Wir gründen überall im Land einzelne Untergruppen, welche weitgehend autonom voneinander agieren können und jeweils nur einen einzigen übergeordneten Vermittler beziehungsweise Ansprechpartner für Leute von außerhalb haben. Ihm sind sämtliche Mitglieder vor Ort zu unbedingtem Gehorsam verpflichtet. Jede örtliche Gruppe bekommt demnach ihren zuständigen Leiter, das ist klar. Diese verantwortlichen Personen bestimme ausschließlich ich.

Weiterhin können wir uns auch auf geheimen Internetseiten in verschlüsselten Foren absprechen und organisieren. Wer schon Mitglied bei uns ist, der wird einer lokalen Sektion zugeordnet.“

Peter holte einen Laptop aus seinem Koffer und schaltete ihn an. Artur erklärte weitere Details und seine Mitstreiter schienen von seinen Plänen angetan.
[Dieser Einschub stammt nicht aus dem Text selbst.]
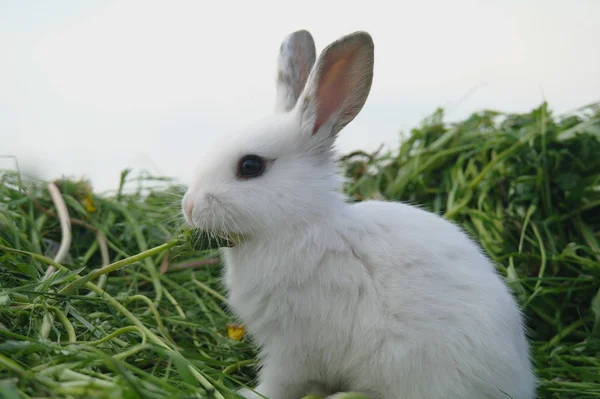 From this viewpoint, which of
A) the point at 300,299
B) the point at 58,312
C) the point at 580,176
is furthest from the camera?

„Ich habe hier alle aufgelistet. Ansprechpartner, die Hierarchie und Organisation …“, erzählte Artur.

„Wenn also eine Zelle in der „Stadt X“ aufgedeckt und von den Behörden zerschlagen wird, dann können sie ihre Verbindungen zur Gesamtorganisation kaum oder gar nicht zurückverfolgen“, fügte Peter hinzu und kratzte sich am Bauch.

Dimitrij, der kaum 20jährige Mann aus Slonim meldete sich zu Wort: „Wenn wir die Sache so groß aufziehen, müssen wir aber auch verstärkt nach Spitzeln in den eigenen Reihen suchen.“

„Wer für die Bullen spioniert und von uns erwischt wird, den legen wir um!“, zischte Tschistokjow. „Wir müssen härter werden. In den letzten Wochen und Monaten sind einige Informationen durchgesickert, was ich mir nur durch Verräter erklären kann.

Es ist jetzt notwendig, auch unsere eigenen Leute schärfer im Auge zu behalten. Informanten, die für ein paar Globes den Behörden Dinge erzählen, gefährden unser aller Leben und da dürfen wir keine Gnade zeigen.“

Die anderen Männer nickten und Artur Tschistokjow strich sich durch seine blonden Haare. Dann grinste er und fuhr mit seinem Vortrag über die neue Organisationsstruktur fort.

„Alle Mitglieder der Freiheitsbewegung der Rus werden sich in Zukunft mit ihrem Leben dazu verpflichten, den Mund zu halten!“

„Und ich werde dafür sorgen, dass diese strikten Regeln unbedingt eingehalten werden, Artur!“, gelobte Peter und ballte kämpferisch seine breiten Fäuste.

„Was ist mit Waffen?“, fragte einer der Anwesenden dazwischen.

„Ist alles in Vorbereitung. Allerdings sehe ich noch keinen Grund, Gewalt anzuwenden. Wir brauchen sie nur, falls die Bullen unsere Leute angreifen. Ansonsten machen wir weiter öffentlichkeitswirksame Aktionen. Wir sind keine Guerillatruppe, sondern wollen eines Tages eine politische Massenbewegung werden!“, predigte Tschistokjow mit klarem Blick nach vorne.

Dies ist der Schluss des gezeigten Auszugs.